> TASK BRIEF
Copy, word for word, the opening line of the data and each line after it until the line that contains "শূন্যতা পূরণে বিকল্প নেই", which is included. Leave the pictures out.

> SOURCE DATA

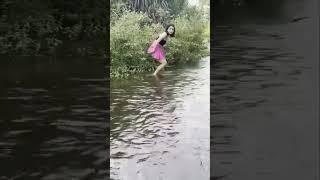 NGINTIP CEWEK CANTIK PIPIS DI SUNGAI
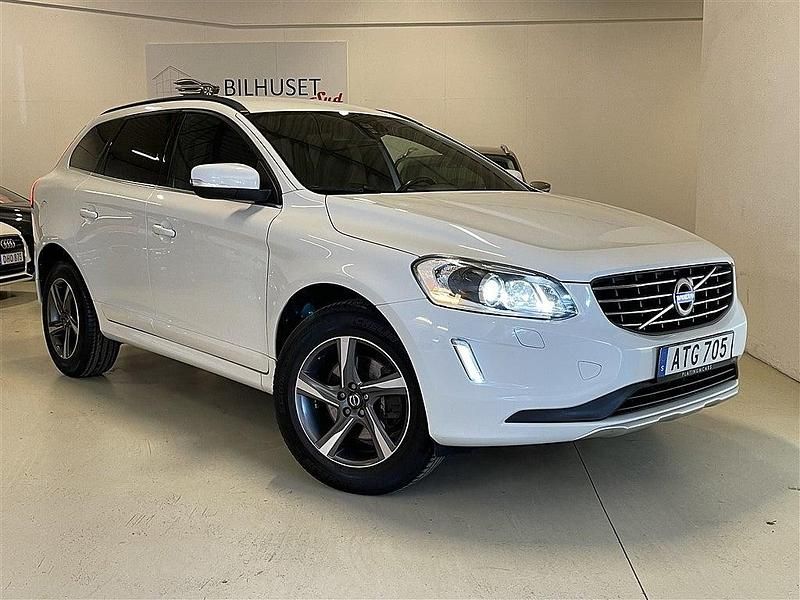 Begagnad Volvo XC60 215 HK (158 kW) 2014 Vit SUV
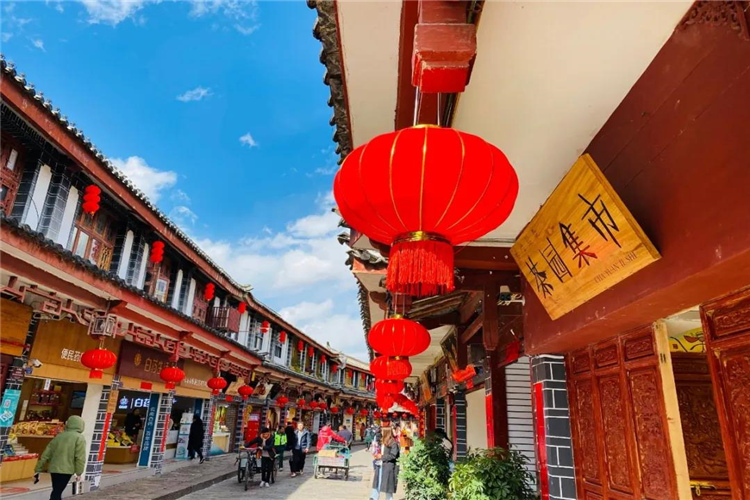 春暖花開麗江歡迎您，趁著春日正好，來一場古鎮(zhèn)之旅！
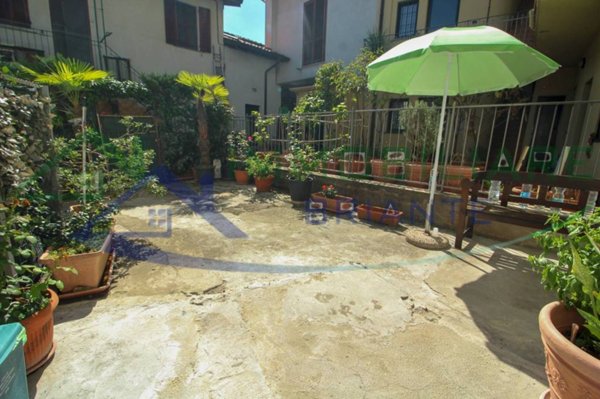 casa indipendente in vendita a Somma Lombardo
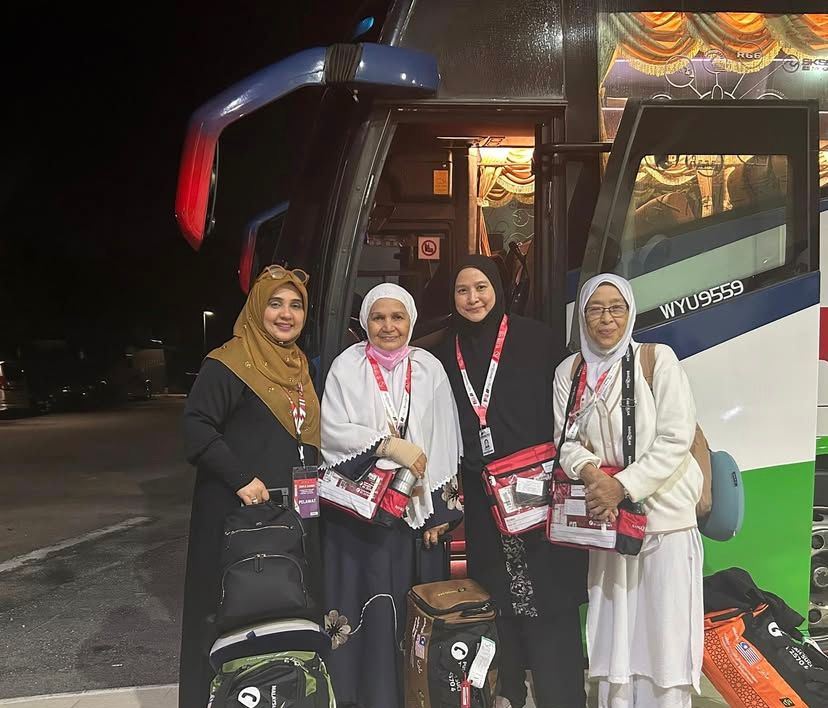 tangisan syukur siti nurhaliza lepaskan ibu tunai haji - “ ya allah, jagakan dia di sana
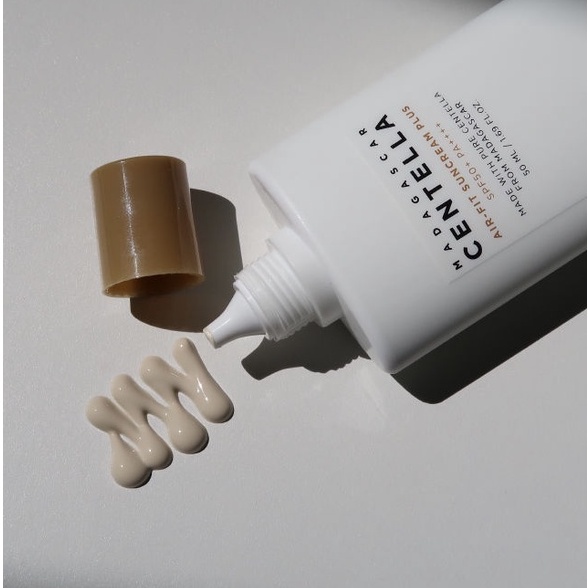 Kem chống nắng Skin1004 Madagascar Centella Air-Fit Suncream Plus 50ml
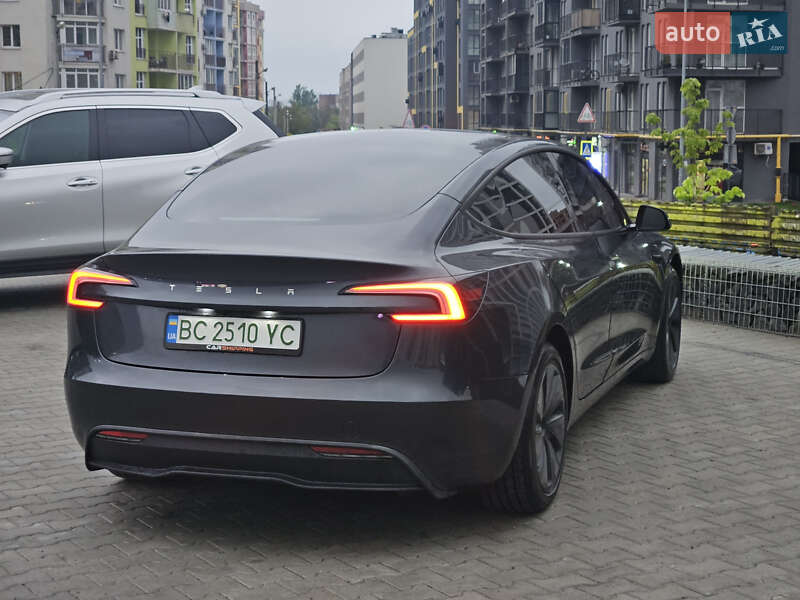 Седан Tesla Model 3 2024 в Львове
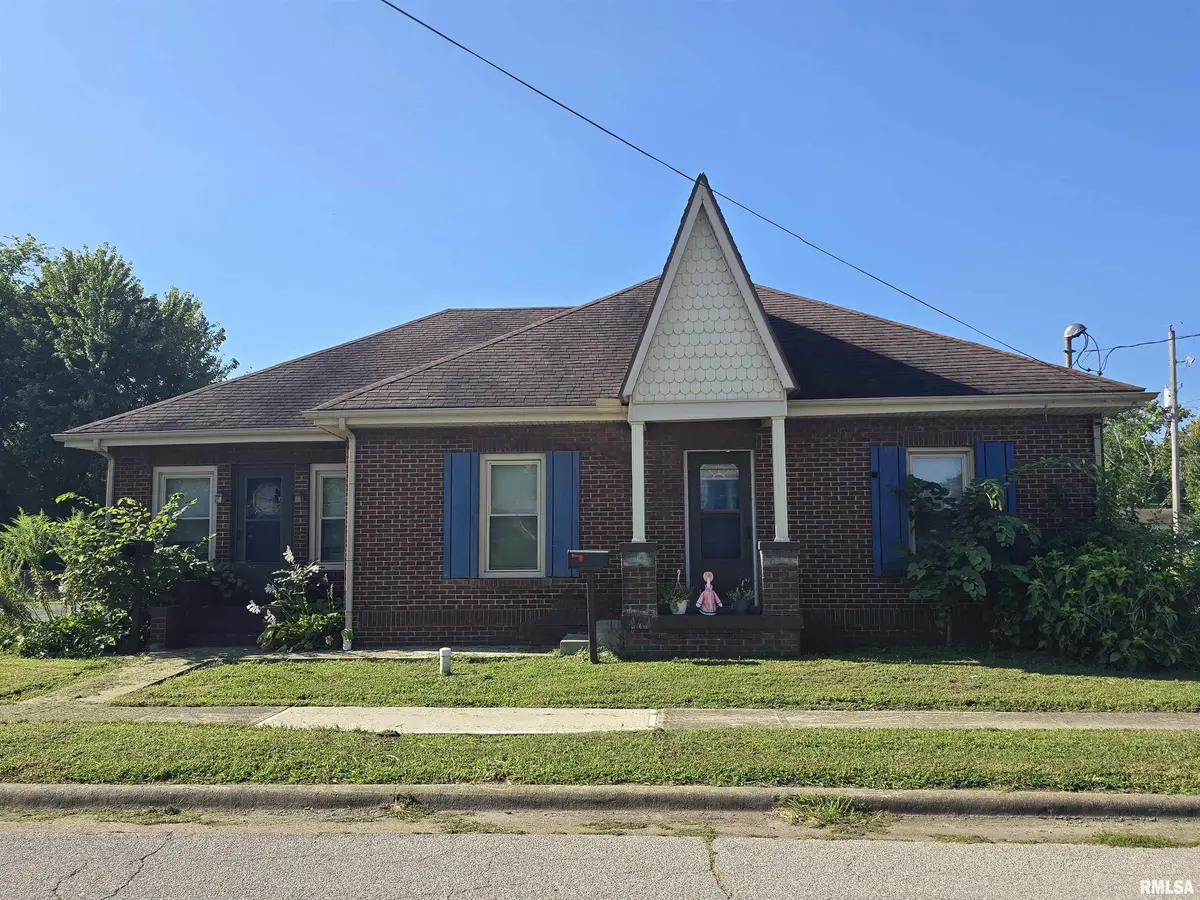125 VIRGINIA ST, Carterville, IL 62918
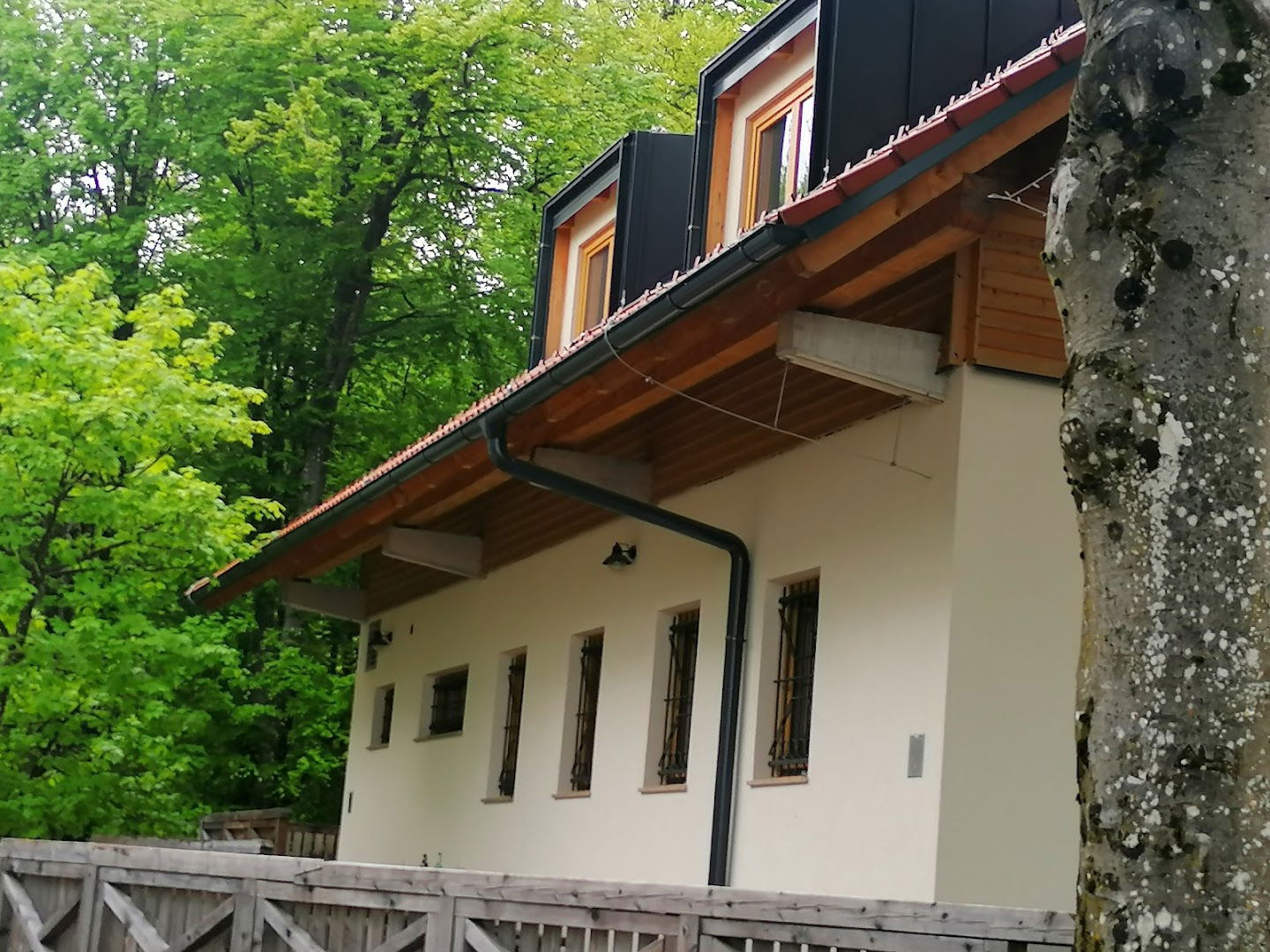 Križišče na Planini nad Stari Vrhniko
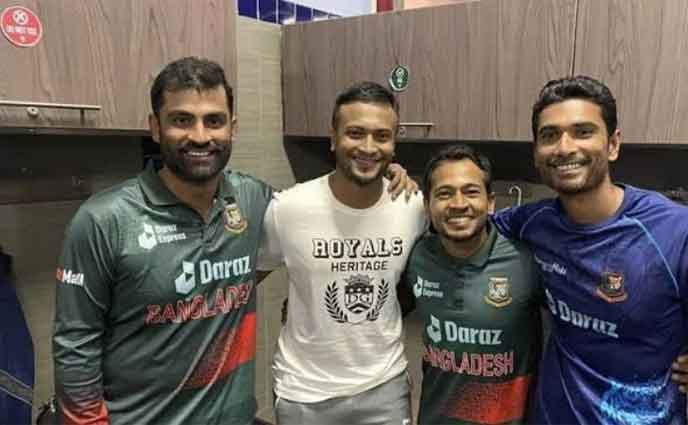 শূন্যতা পূরণে বিকল্প নেই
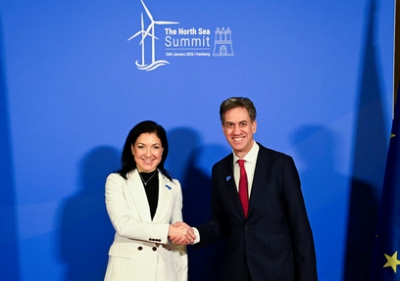 Ην. Βασίλειο και Γερμανία προχωρούν σε ηλεκτρική σύνδεση υπεράκτιων αιολικών πάρκων στη Β. Θάλασσα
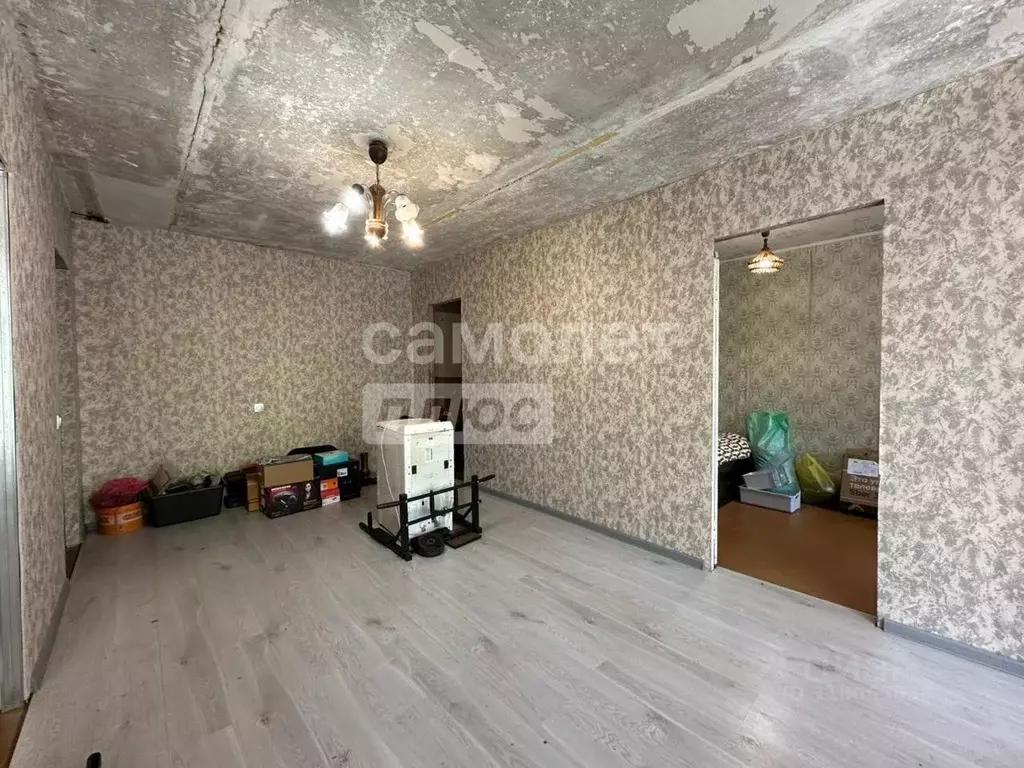 2-к кв. Ярославская область, Углич ул. Никонова, 6 (41.7 м) - Фото 0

> WRITTEN ANSWER
 NGINTIP CEWEK CANTIK PIPIS DI SUNGAI
 Begagnad Volvo XC60 215 HK (158 kW) 2014 Vit SUV
 春暖花開麗江歡迎您，趁著春日正好，來一場古鎮(zhèn)之旅！
 casa indipendente in vendita a Somma Lombardo
 tangisan syukur siti nurhaliza lepaskan ibu tunai haji - “ ya allah, jagakan dia di sana
 Kem chống nắng Skin1004 Madagascar Centella Air-Fit Suncream Plus 50ml
 Седан Tesla Model 3 2024 в Львове
125 VIRGINIA ST, Carterville, IL 62918
 Križišče na Planini nad Stari Vrhniko
 শূন্যতা পূরণে বিকল্প নেই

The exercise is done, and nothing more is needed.